Backward of crossentropyloss

Hi, this is crossentropyloss

#convert class ID to one hot encoding
one_hot = torch.zeros_like(y_pred)
one_hot[range(y_target.shape[0]), y_target] = 1.0

ce = -one_hot*(y_pred - y_pred.exp().sum(1).log().unsqueeze(1))
result = ce.sum(dim=1).mean()

Can someone help me with making derivative of this with respect to y_pred in python code? I just can not figure it out… What is backward of this losses function?

Thank you for help.

PyTorch will automatically calculate the derivative for you when you do .backward(). But I guess you’re looking for something else?

Hi, i know backward can do it. But iam loking for manually derived function.

I see. It’s probably better to write the equations here in mathematical terms, show us where you get stuck while applying chain rule and we can take it from there.
If you’re having difficulty with CE derivative then you’ll easily find some blogs and stuff talking about it’s derivative like:


Hi thank you, lets think about MSE loss:
This is forward:

((labels - prediction) ** 2).mean()

And this is backward:

N = labels.shape[0]
first_grad = -2*(labels - prediction) / N

First grad is then used to backpropagate next layer and get gradients of weights and bias.

The question is how to do the same with cross entropy loss?
This is forward of it:

ce = -labels*(y_pred - y_pred.exp().sum(1).log().unsqueeze(1))
result = ce.sum(dim=1).mean()

How to do backward from this?

I’m not sure if your implementation of CE loss is correct.

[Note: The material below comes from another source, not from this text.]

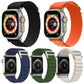 Five nylon loop bands in assorted colors fitted to Apple Watches, shown from front and back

You need to multiply y_pred with the one-hot encoding before taking the sum. Check the definition (eq. 1) of CE here: Cross entropy - Wikipedia or here Loss Functions — ML Glossary documentation

You can also call PyTorch’s CE loss function and ensure that you’re getting the same result via your code and PyTorch’s implementation.

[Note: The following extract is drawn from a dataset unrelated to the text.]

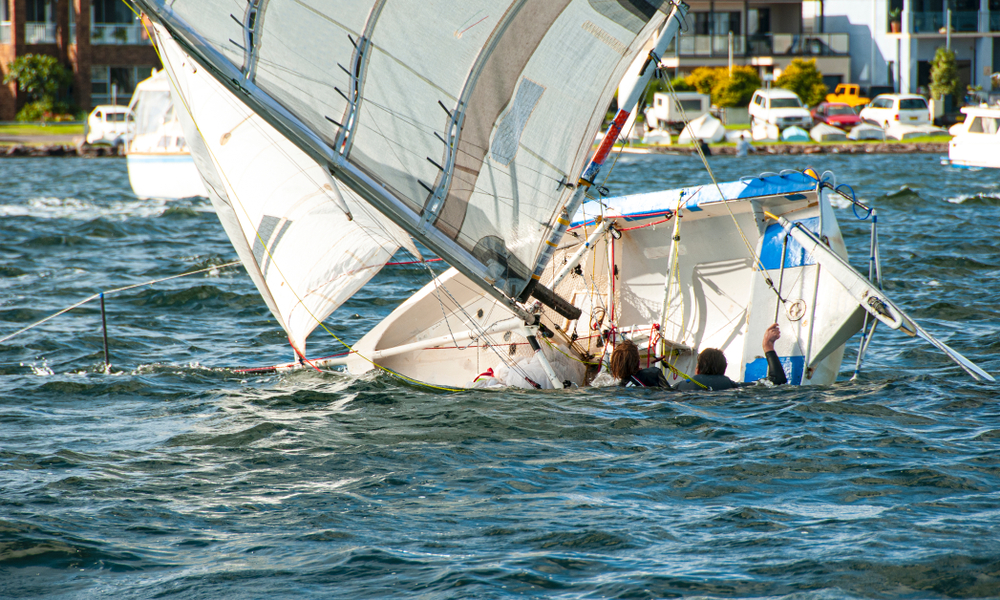 sinking sailboat near a port turned on its side while the people in the water try to get get back to the boat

The question is still whether you’re struggling with the math or the implementation.
Also note that CE loss is usually used in conjunction with a softmax layer because the derivative of softmax+CE is really nice and easy to implement.

I am struggling with implementation, I can not write backward. this forward is going 1:1 with pytorch cross entropy. so forward is good.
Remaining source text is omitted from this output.